What the task requires ▸ Retype nothing except the lines below from the one with "they both have the same" through the one with "Table 4a provides", exactly, with images left out.

Listed records ▸
┌──

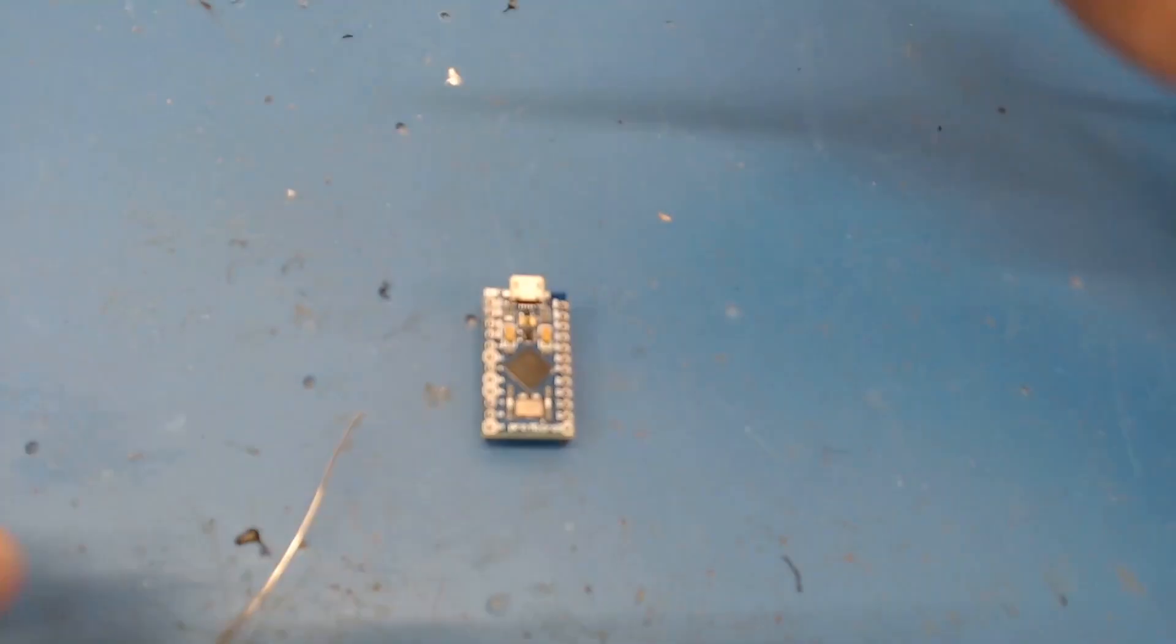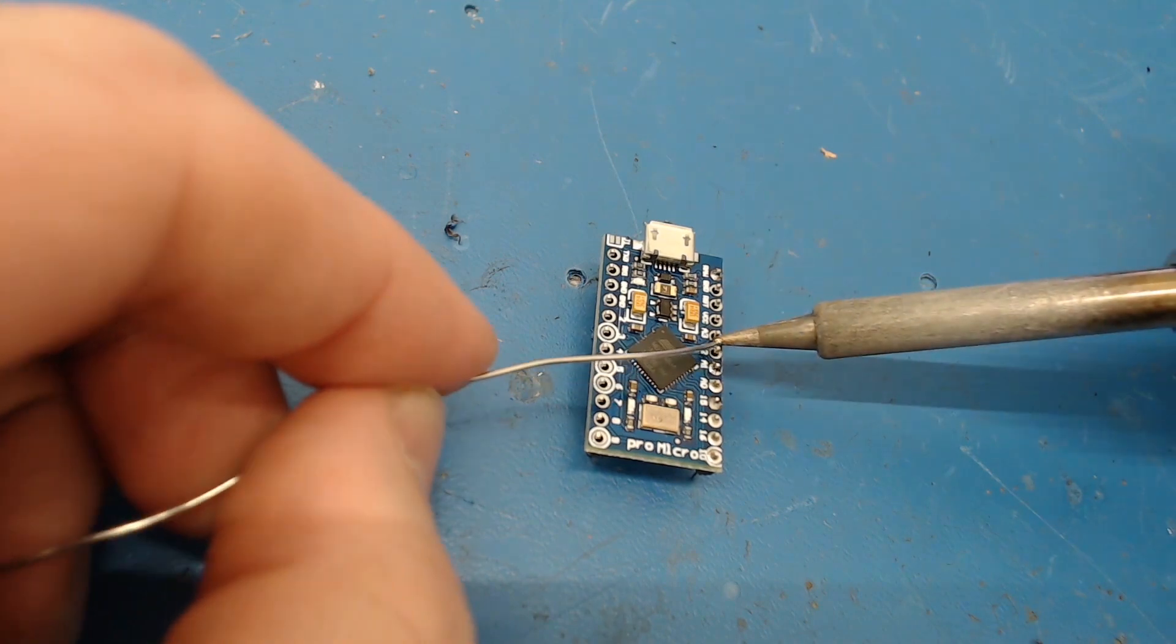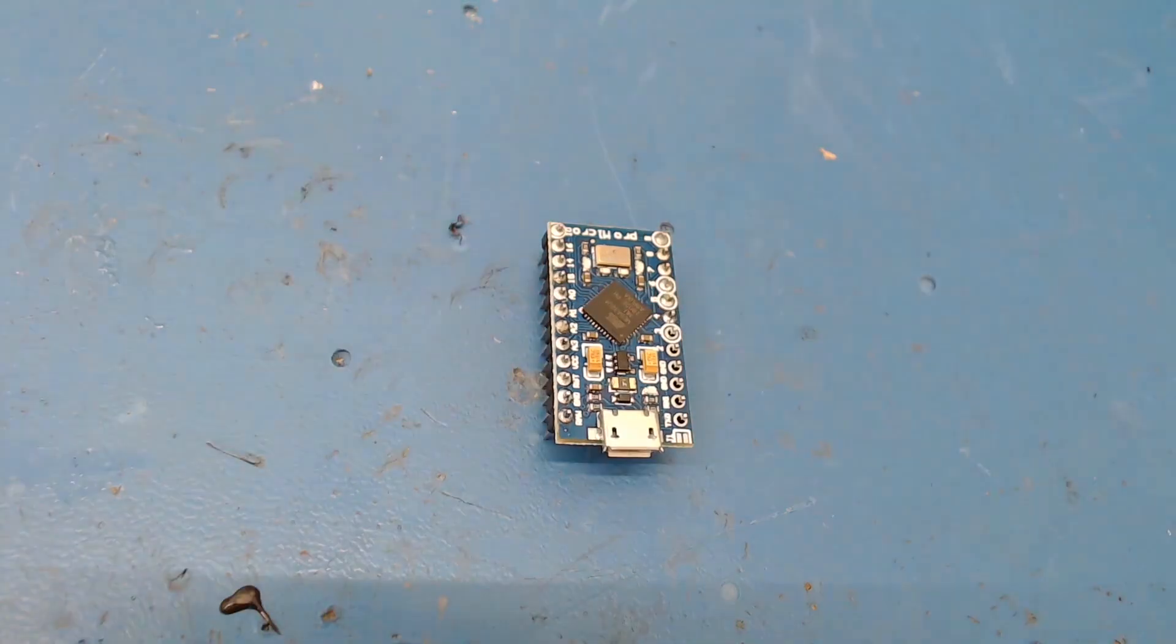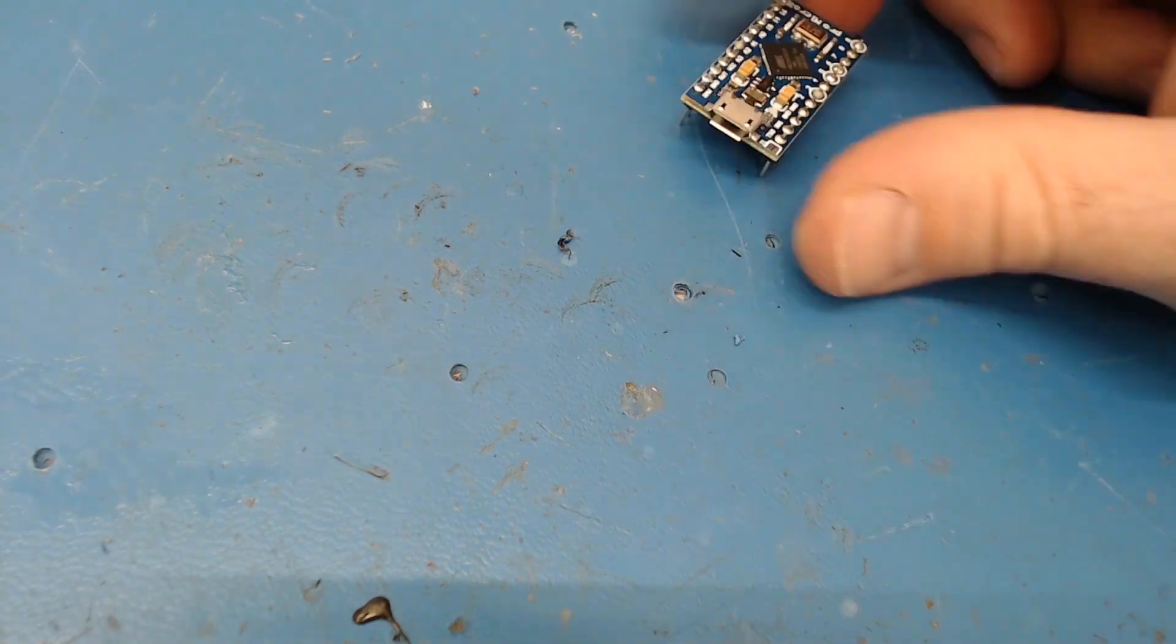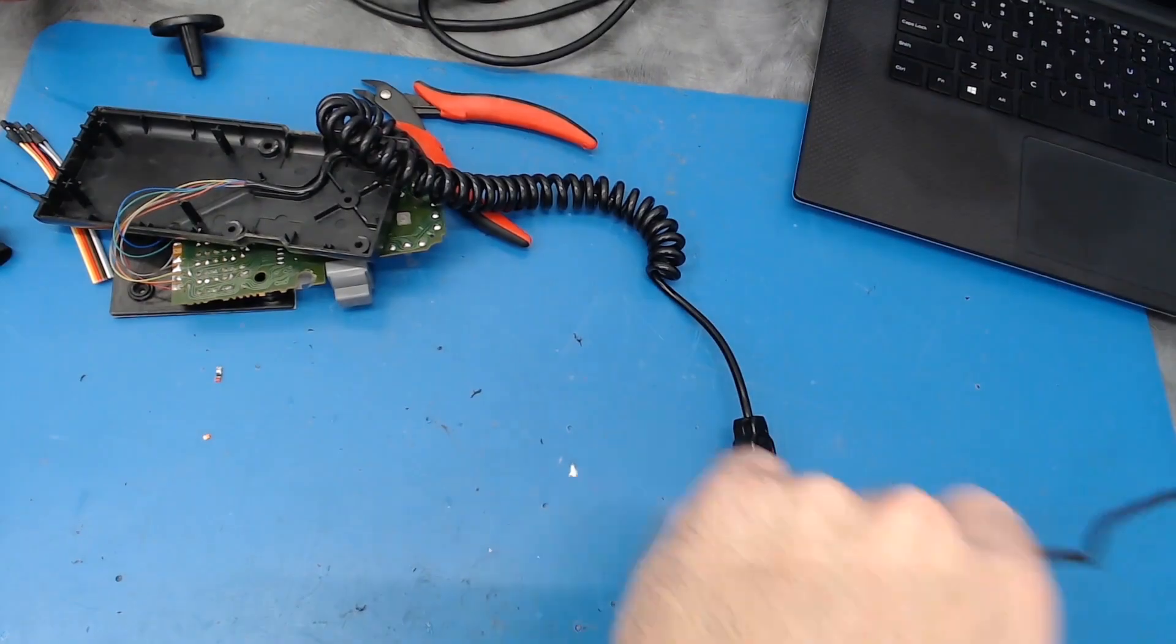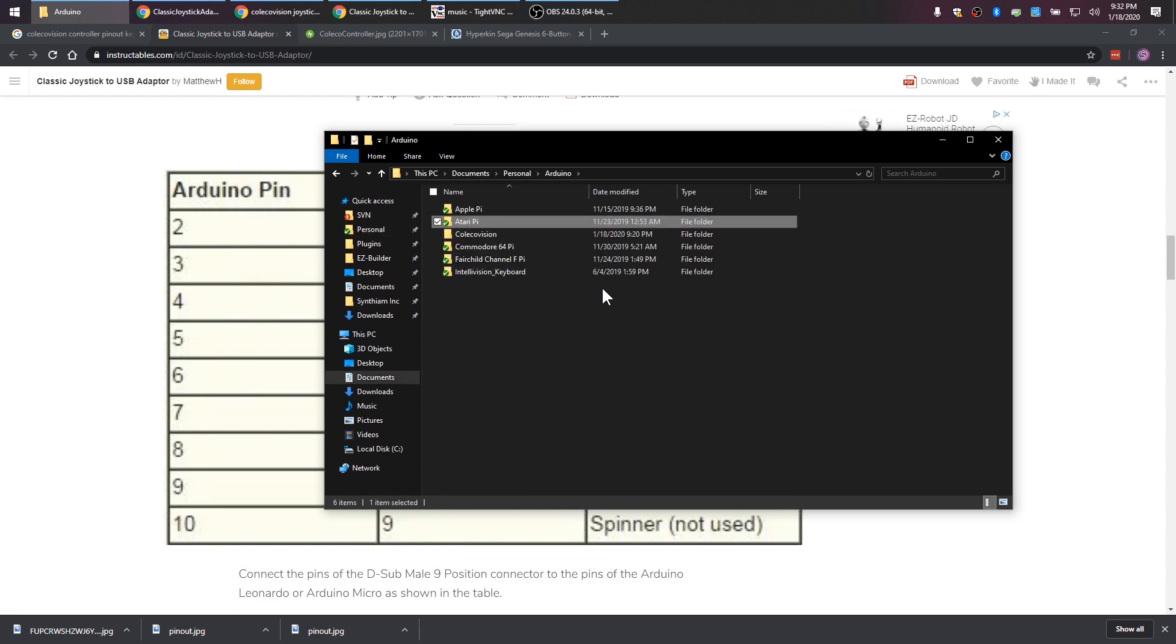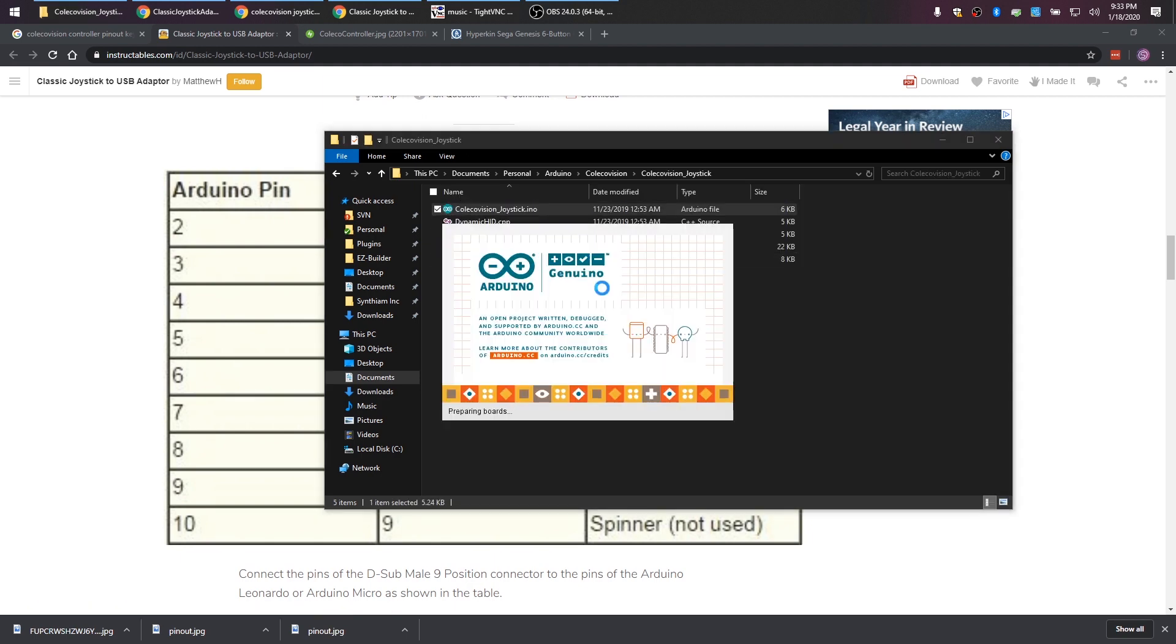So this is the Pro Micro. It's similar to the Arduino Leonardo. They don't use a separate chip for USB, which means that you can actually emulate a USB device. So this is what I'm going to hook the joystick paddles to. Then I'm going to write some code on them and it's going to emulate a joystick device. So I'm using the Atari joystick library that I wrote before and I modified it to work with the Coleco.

└──
┌──

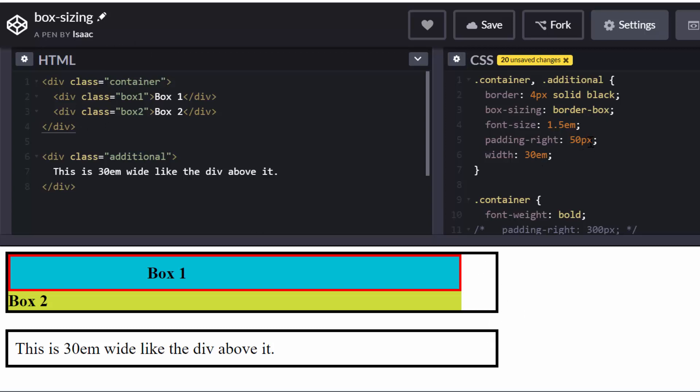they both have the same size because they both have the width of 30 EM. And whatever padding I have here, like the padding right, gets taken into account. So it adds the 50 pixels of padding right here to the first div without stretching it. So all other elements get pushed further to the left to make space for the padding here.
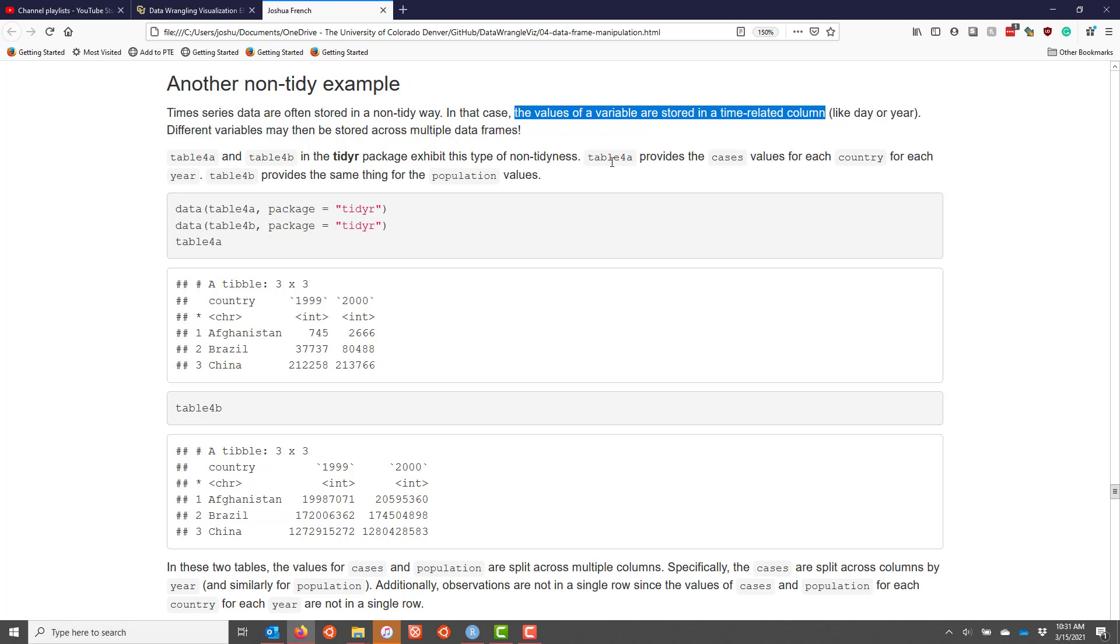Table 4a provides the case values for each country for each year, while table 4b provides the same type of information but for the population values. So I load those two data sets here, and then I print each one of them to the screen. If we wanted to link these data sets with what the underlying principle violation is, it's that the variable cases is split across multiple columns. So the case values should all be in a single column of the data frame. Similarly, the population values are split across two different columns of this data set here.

└──

Output for this exercise ▸
they both have the same size because they both have the width of 30 EM. And whatever padding I have here, like the padding right, gets taken into account. So it adds the 50 pixels of padding right here to the first div without stretching it. So all other elements get pushed further to the left to make space for the padding here.
Table 4a provides the case values for each country for each year, while table 4b provides the same type of information but for the population values. So I load those two data sets here, and then I print each one of them to the screen. If we wanted to link these data sets with what the underlying principle violation is, it's that the variable cases is split across multiple columns. So the case values should all be in a single column of the data frame. Similarly, the population values are split across two different columns of this data set here.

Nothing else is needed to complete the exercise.